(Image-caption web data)
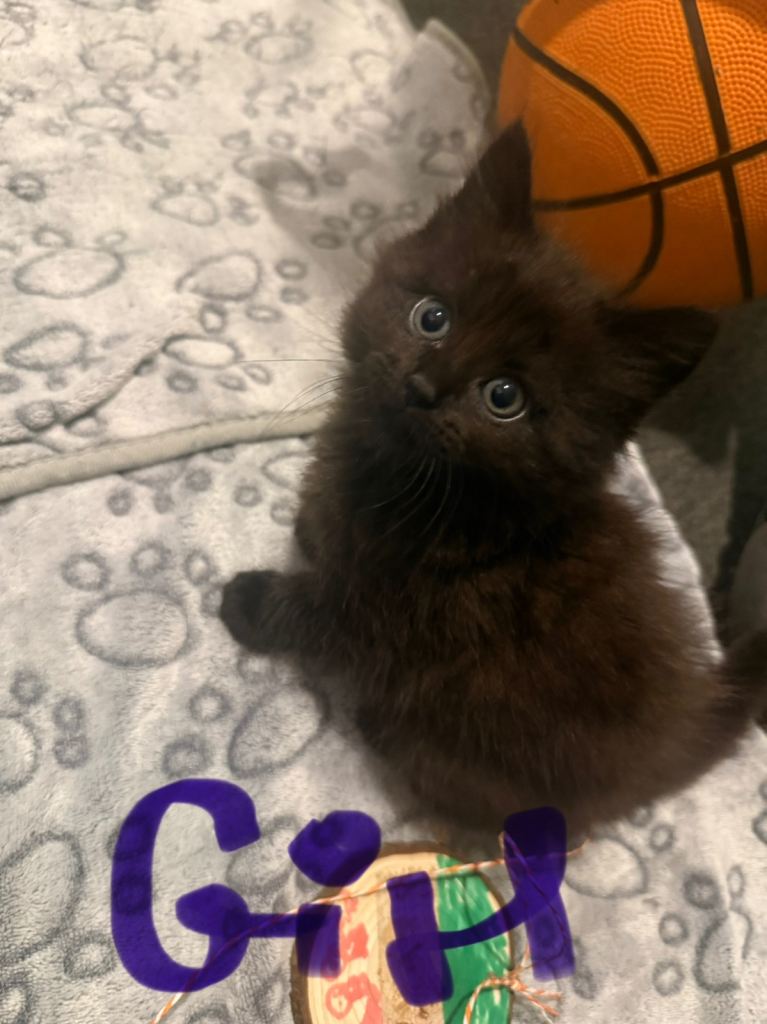 4 kittens looking home 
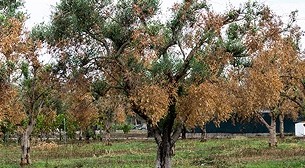 Xylella, l’allarme degli olivicoltori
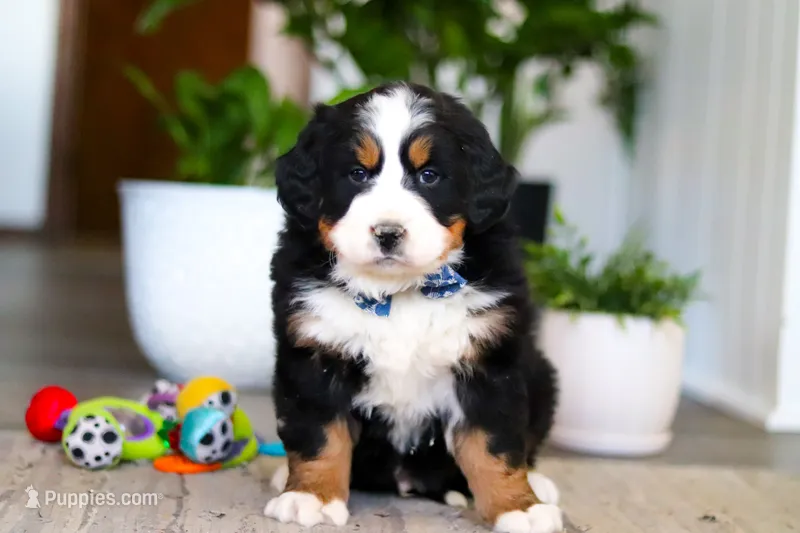 Austin – Bernese Mountain Dog puppy on hold in Millersburg, OH
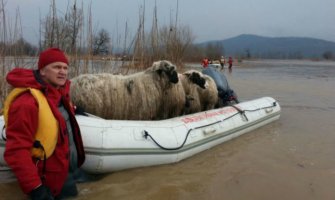 Ronioci iz nabujale Bosne spasili čobane i oko 700 ovaca i jagnjadi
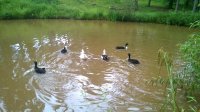 WP_20160820_021.jpg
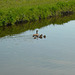 Family Of Ducks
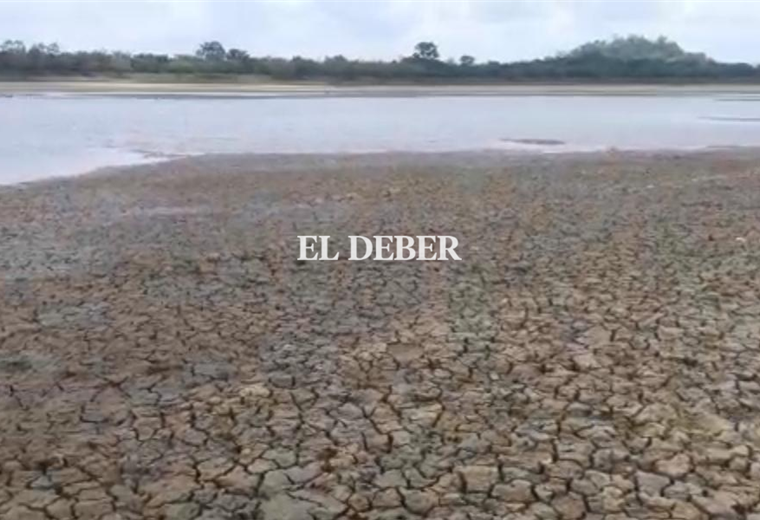 Muestra de la sequía en Ascensión de Guarayos. Foto: Desther Agreda /Archivo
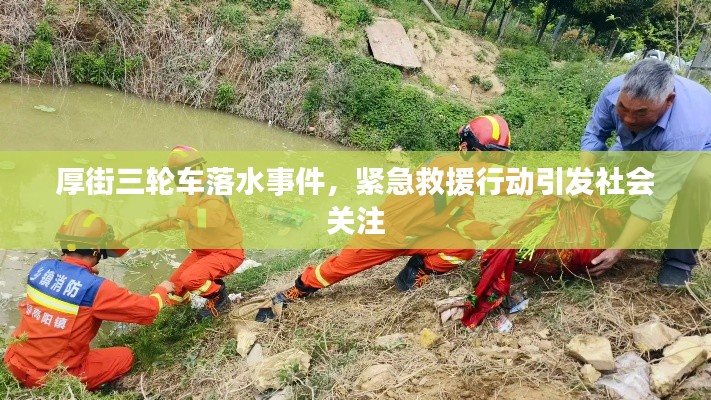 厚街三轮车落水事件，紧急救援行动引发社会关注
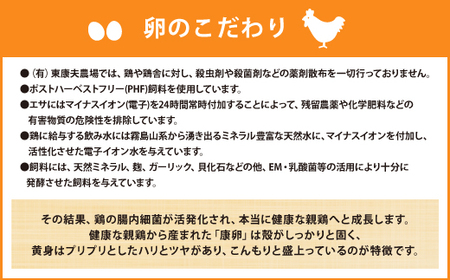 えびのの大自然で育ったこだわりタマゴ 康卵 90個 破損保証 10個含む 卵 たまご 赤 Mサイズ 鶏 TKG たまごかけごはん 卵かけご飯 卵かけごはん 玉子焼き 卵焼き ゆで卵 宮崎県産 九州産 送料無料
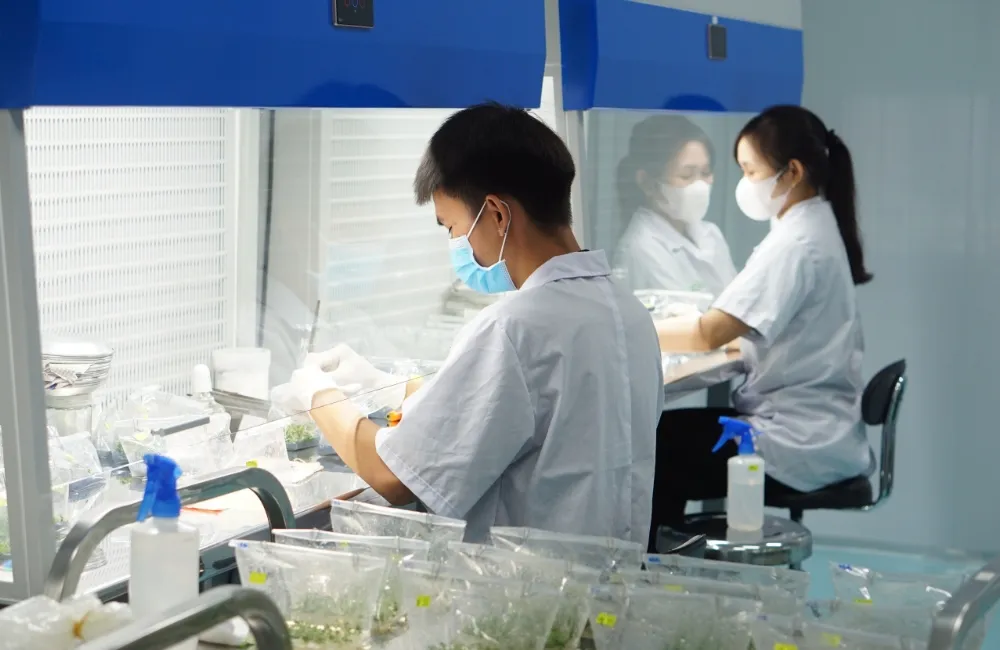 Gia công cây giống cúc mâm xôi cấy mô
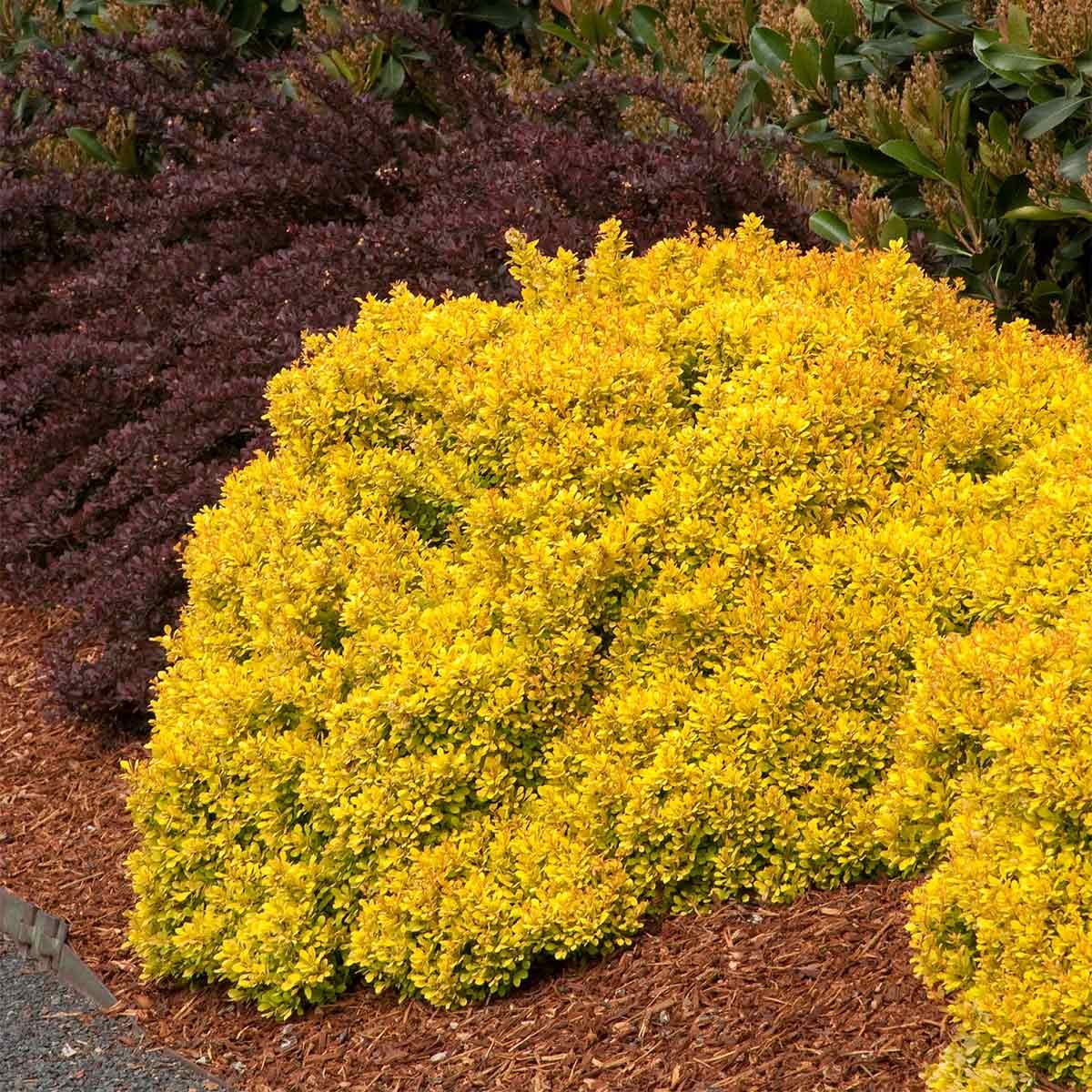 Golden Nugget Barberry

> WORK ORDER:
When you write out the data, keep every line exact and drop the pictures.

> YOUR SOLUTION:
 4 kittens looking home 
 Xylella, l’allarme degli olivicoltori
 Austin – Bernese Mountain Dog puppy on hold in Millersburg, OH
 Ronioci iz nabujale Bosne spasili čobane i oko 700 ovaca i jagnjadi
 WP_20160820_021.jpg
 Family Of Ducks
 Muestra de la sequía en Ascensión de Guarayos. Foto: Desther Agreda /Archivo
 厚街三轮车落水事件，紧急救援行动引发社会关注
 えびのの大自然で育ったこだわりタマゴ 康卵 90個 破損保証 10個含む 卵 たまご 赤 Mサイズ 鶏 TKG たまごかけごはん 卵かけご飯 卵かけごはん 玉子焼き 卵焼き ゆで卵 宮崎県産 九州産 送料無料
 Gia công cây giống cúc mâm xôi cấy mô
 Golden Nugget Barberry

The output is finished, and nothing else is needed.